Thomas,
We are using an oracle database setup, we have a development database and a production database, the production database is for billing.
The databases have the sane TNS resolver name of DB1. To test that it was using the correct settings.py file I removed the database information
from it and it is using the settings.py file that I thought it was. However when I log into the development database and run the query im using with
django it will return what im seeing on my django page although my django settings file is pointed to my other database and I even have to use the login associated
with the production database, the weird part is that the data returned is still the development database. I'm running in debug mode, manage.py runserver. However the production database
right now has no write privileges only read privileges so that should not be affecting the query. I even output the exact query that im using to the webpage and run seperately in each database
it returns the correct data when im manually logged into the production database. The app was first synced on the development database.

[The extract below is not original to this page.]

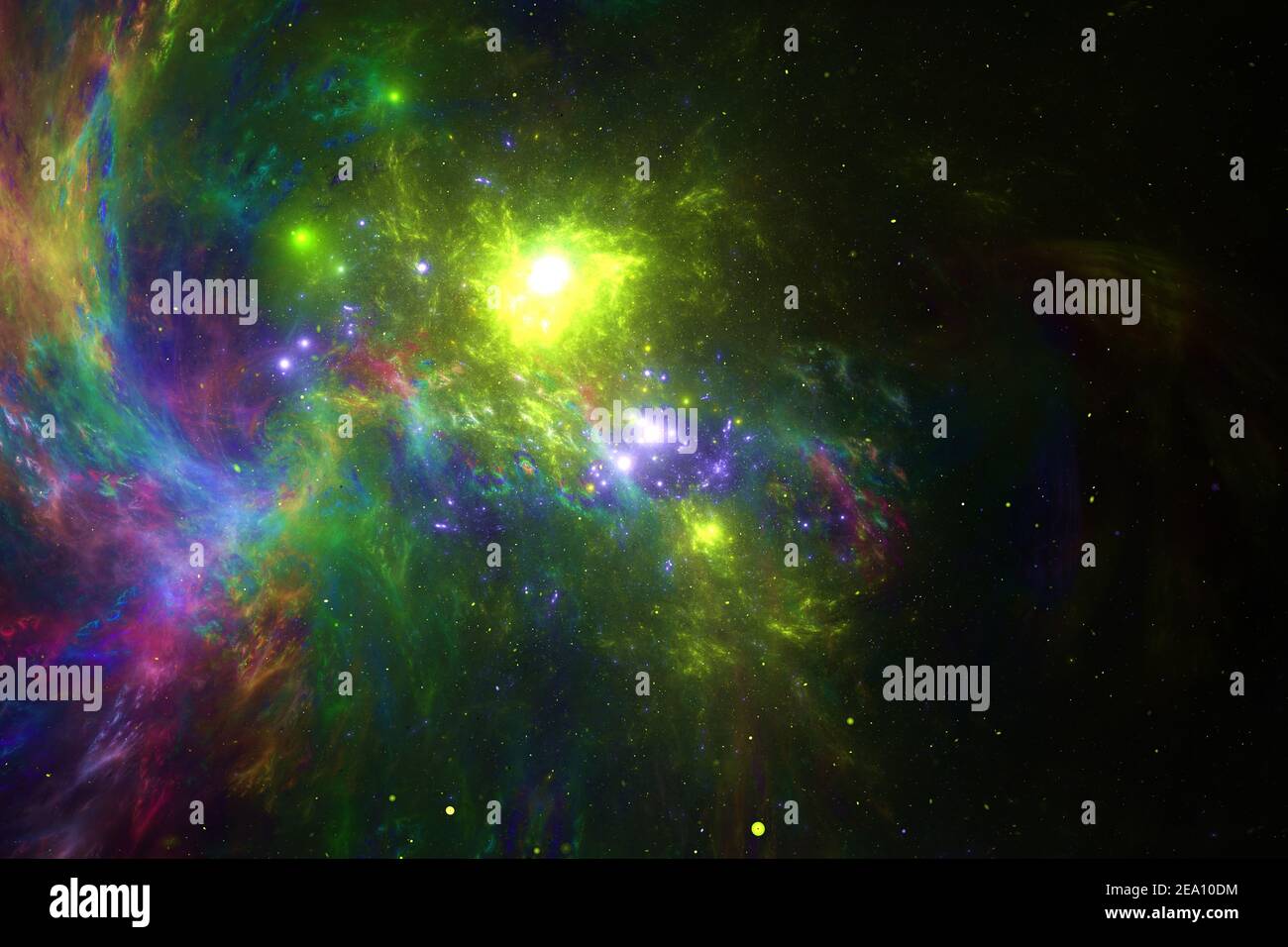 Space scene with colorful stars and nebulae Stock Photo - Alamy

select customer_name, substr(decode(vcd_managed,'Y',vm_name,'N',vm_group_name || ' ' || vm_display_name),1,100) vm_name, cpu_ghz_hours,ram_gb_hours, guest_os from customers a, vm_groups b, vms c, vm_compute_usage_histories d, vm_compute_histories e, guest_os f where a.customer_id = b.customer_id and b.vm_group_id = c.vm_group_id and c.vm_id = d.vm_id and trunc(d.datetime) = to_date('01-Jun-2014', 'DD-MON-YY') and a.customer_id != 24 and inactive = 'N' and cpu_ghz_hours > 0 and e.datetime = (select max(datetime) from vm_compute_histories g where c.vm_id = g.vm_id) and e.vm_id = c.vm_id and e.guest_os_id = f.guest_os_id order by 1,2
there is the query that im running.
when i sync the db it syncs just fine. I'm not sure how this is even possible.